Before laying down my justifications for such a grandiose statement, I must put forth a couple of caveats. First, this is the only Of Montreal album I have ever listened to. I was familiar with a few of their better-known songs, but that’s it. Skeletal Lamping is the band’s ninth studio album. Second, I don’t typically like the type of music Of Montreal makes. While their sound is notoriously eclectic and has changed over time, Of Montreal in its current incarnation is most accurately described as "techno-pop-funk glam." I don’t like techno, and the word pop makes me shudder.
Despite my ambivalence toward Of Montreal's particular category of sound, I still recognize brilliance when I hear it. The opening song, "Nonpareil of Favor" left me utterly confused, but in a good way. Packed into this one song I identified funk beats, brilliant lyrics, nonsensical and unmelodic grunge-like guitar riffs, Queen-inspired operatics, psychedelic meanderings, and pop-rock precision. Yet somehow it all came together—not perfectly perhaps, but I was left intrigued and excited for the rest of the album.
It was not until the third track, "For Our Elegant Caste," that I collected another reason for singing Of Montreal's brilliance. This song is ridiculously catchy. The second it ended, it was already stuck in my head. Of Montreal is certainly pop, and god, this song must be good to dance to. Other club-friendly songs include "Gallery Piece" and "Id Engager."
Of Montreal's lyrics are top-notch. They maintain the descriptive poetry of indie rock without the accompanying pretension. Suffused throughout is a sense of frustrated disorientation on the part of singer and songwriter Kevin Barnes. It seems Barnes is afflicted with both hatefully destructive and lovingly life-affirming thoughts. In "Death Isn’t a Parallel Move," Barnes bemoans that, "All my thoughts are from a foreign host/Now I feel just like a ghost," a sentiment which oddly mirrors what it's like to read Barnes' lyrics: the concurrent onslaught of such unalloyed spite, tenderness, anxiety, fear, and elation results in a certain sense of free-floating alienation and disembodiment.

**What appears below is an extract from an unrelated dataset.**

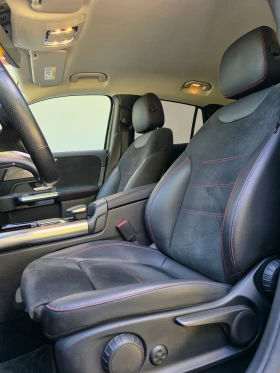Mercedes-Benz GLA 220 AMG 190HP'Burmester'Keyless'Multibeam | Mobile.bg � ����� ������ 9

Nowhere is Barnes more confused that in the sexual arena. Some of the lyrics drip with dirtiness, while others are drenched in romantic love. Barnes recently reunited with his estranged wife, which explains a lyric like "When you're dead, I’ll look for you like Orpheus/I’ll find you some way," from "Plastis Wafers." Yet from the same song is the less romantic declaration, “I want you to be my pleasure puss/I wanna know what it’s like to be inside you.” The juxtaposition of pornographic lust with romantic yearning is prominent in almost every track, and in "An Eluardian Instance," Barnes whines, "This inbreeding of ideas is intolerable."
Baffling incongruities bleed into every facet of the album. Dark and dreary lyrics are paired with flamboyantly upbeat tunes. Illicit lyrics are paired with jazzy, romantic melodies. Kevin Barnes is a befuddled mess, and he takes us along for the ride. Sometimes so many sounds are packed into one song that a jarring discordance results. If you like uncomplicated, easy listening, this is not for you. Other music critics tell me that while Skeletal Lamping is good, the albums Hissing Fauna, Are You the Destroyer? and Coquelicot Asleep in the Poppies: A Variety of Whimsical Verse are Of Montreal's true masterworks. Be that as it may, I can tell you with certainly that Skeletal Lamping took me by surprise and served as welcome antidote to the musical mediocrity that I've come to expect.